Lev Manovich, Data Visualisation as New Abstraction and Anti-Sublime


In John Simon's Art, Everything Is Possible

an article from numeral.com



Here's the rub: the newest work by John F. Simon Jr. will not be finished until long after we have shuffled off this mortal coil.

Simon is the creator of "Every Icon," a thought-provoking work of computer-based conceptual art that was unveiled last month on the World Wide Web.
When first viewed, "Every Icon" looks deceptively plain, a seemingly simple square that has been partitioned into 1,024 smaller squares, 32 to a side. The monochromatic grid that results takes up about one-tenth of a monitor screen, a miniaturist's delight.
Loading a Web page displaying "Every Icon" launches a Java applet that, as it runs, begins to explore successively every combination of black and white squares that could occur within the confines of the grid's tightly circumscribed space.
As the tiny squares change from light to dark and back again, the black boxes appear to hop progressively toward the right. Over time, the grid will fill up and recognizable shapes, familiar images and perhaps even a little art are destined to materialize -- however briefly -- from the visual noise of the jitterbugging boxes.
Don't expect that to happen anytime soon, though.
On a reasonably fast Pentium-powered PC that can flash 100 different combinations per second, Simon estimated, it would take about 16 months to display all of the 4.3 billion variations on the top line of the grid. Because the number of possibilities literally expands exponentially, the second line would be completed in roughly 6 billion years.
Rounded off and expressed mathematically, the total number of conceivable variations within the grid is 1.8 multiplied by 10 to the 308th power (for purposes of comparison, 1 billion is a measly 10 to the 9th). For the grid to become totally black, the last "icon" that the applet is programmed to exhibit, Simon calculated that it would merely take several hundred trillion years.
"Because there's no word for that amount of time and no word for that large a number, several hundred trillion years is my way of making you think about a very, very long time," the 34-year-old artist said in a telephone interview from his Manhattan home.
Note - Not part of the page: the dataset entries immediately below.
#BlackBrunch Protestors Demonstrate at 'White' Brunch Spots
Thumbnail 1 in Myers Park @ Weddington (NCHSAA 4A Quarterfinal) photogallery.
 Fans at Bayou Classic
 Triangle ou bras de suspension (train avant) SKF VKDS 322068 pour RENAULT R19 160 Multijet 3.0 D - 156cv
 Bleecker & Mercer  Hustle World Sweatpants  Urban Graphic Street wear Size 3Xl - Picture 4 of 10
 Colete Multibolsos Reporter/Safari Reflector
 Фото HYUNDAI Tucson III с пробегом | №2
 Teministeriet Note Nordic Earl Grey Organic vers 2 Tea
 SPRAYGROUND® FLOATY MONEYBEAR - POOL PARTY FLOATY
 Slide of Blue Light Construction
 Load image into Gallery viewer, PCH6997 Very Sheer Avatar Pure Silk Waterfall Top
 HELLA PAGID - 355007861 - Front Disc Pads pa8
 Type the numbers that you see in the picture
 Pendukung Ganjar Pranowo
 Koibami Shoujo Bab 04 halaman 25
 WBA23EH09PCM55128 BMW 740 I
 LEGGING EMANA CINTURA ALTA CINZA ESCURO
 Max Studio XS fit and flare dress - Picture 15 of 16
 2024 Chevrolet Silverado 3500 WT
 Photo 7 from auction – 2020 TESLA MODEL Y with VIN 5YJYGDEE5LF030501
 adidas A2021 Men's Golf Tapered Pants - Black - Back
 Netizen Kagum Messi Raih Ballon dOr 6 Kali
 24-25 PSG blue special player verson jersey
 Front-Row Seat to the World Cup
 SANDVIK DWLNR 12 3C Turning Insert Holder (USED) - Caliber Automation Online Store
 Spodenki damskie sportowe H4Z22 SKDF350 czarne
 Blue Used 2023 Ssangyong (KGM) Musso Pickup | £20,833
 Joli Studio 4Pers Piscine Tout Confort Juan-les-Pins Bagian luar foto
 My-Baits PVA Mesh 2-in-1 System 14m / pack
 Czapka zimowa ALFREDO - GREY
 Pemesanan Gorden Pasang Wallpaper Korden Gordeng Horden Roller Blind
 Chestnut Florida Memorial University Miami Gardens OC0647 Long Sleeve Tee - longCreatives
"But in several trillion years, you might start to see something that looks like an arrow, or a square. You would arrive at something that was a skewed square, and then a few trillion years later it would be straight, and then a few trillion years later it would be crooked," Simon said.
While more computing power would hasten the process, it might also make the work impossible to see. "What does it mean to look at something that changes a billion times a second? It becomes a human perceptual limit," Simon said.
Given the cramped space, two-tone palette and strict rectilinearity of "Every Icon," anything resembling a late-period Monet is unlikely to wash over a retina anytime soon.
Even within these rigorously defined parameters, "Every Icon" will automatically generate more images than could possibly be assimilated in a lifetime.
"There was a lot of talk at the end of the 80's when post-modernism was emerging about how we've reached the end of imaging," he said, "and I wanted to show that even in a simple 32-by-32 space, the possibilities for imaging were vast."
Most of the images will have no value, a realization which in turn deepens one's appreciation for the range of choices that artists must confront and discard daily.
Simon asserted that today's trash could become tomorrow's iconic treasure. For example, a broken line might evolve in 150 generations to signify an international symbol of distress. "We could be looking at something that has meaning, but because of who we are and what we are now, we might not recognize it," he said.
"An autonomous image has lost its authority in a lot of ways these days," he continued. "A photograph can be manipulated, and we see so many images. Maybe I want to present the conditions in which an image can happen, as opposed to saying this is my image."
Musing on "Every Icon" as it flickers away in a browser window, one begins to sense that Simon's creation is much more than a cleverly constructed mathematical exercise or a modest electronic meditation on the eternal nature of the creative urge.
Indeed, the work is suggestive of the efforts of such well-known students of the square as Josef Albers and Paul Klee. Its closest affinity is to the kinetic colored compositions of Piet Mondrian, as found in "Broadway Boogie Woogie."
Sandra Gering, who will present a show of Simon's art in her Soho gallery next year, agreed. "I'm attracted to John's work because he is constantly looking back to go forward," she said. "For instance, he looks at artists such as Klee and then applies some of their principles to his own work. This brings a sense of art history to his pieces, even though they are technologically based."
"John is not caught in the trap of making work that is cold and removed, as so often happens with computer art," she remarked. "He is able to make especially powerful work using the new media because this is the tool that is most comfortable and natural for him."
Simon is a native of Louisiana, where his mother is a mathematician and his father is a judge. He learned to program while earning a master's degree in earth and planetary science at Washington University in St. Louis. He also holds a master's degree from the School of Visual Arts in Manhattan, where he later taught.
As a programmer, he has collaborated on the development of such high-profile Web-art projects as Jenny Holzer's "Please Change Beliefs,"Lawrence Weiner's "Homeport," and Kolmar and Melamid's notorious The Most Wanted Paintings.
Now, Simon is working full time on his own projects. "You get to an age when you're just going to try as best you can or you're not going to do it," he said. "I've made about $500 so far, which is more than I've made (as an artist) any other year. And I'm still going."
Simon is selling numbered, registered editions of "Every Icon" for $20, with the applet distributed via e-mail as a file attachment. Adhering to the economics of the Web, the cost is relatively low and the edition is unlimited. To date, there have been 16 buyers.
Because Java runs on multiple computing platforms, Simon also has installed a copy on his Pilot personal organizer. "I go to a party sometimes and people say, 'What do you do?' and I pull out my Pilot and say, 'This is my artwork,'" Simon related. "Some people go 'Oh, wow, that's incredible' and some people go 'When do I see a picture?'"
Simon acknowledged that "Every Icon" is a computer-based restatement of an idea that has been around a long time. He cited "The Library of Babel," as envisioned in the Jorge Luis Borges short story, an institution that contains every written word.
And there is the as-yet unfulfilled prospect that a cage of monkeys with typewriters and an infinite amount of time will someday pound out the complete works of Shakespeare.
Is "Every Icon" Shakespeare or, for that matter, Rembrandt? Let's hang out for several hundred trillion years and find out.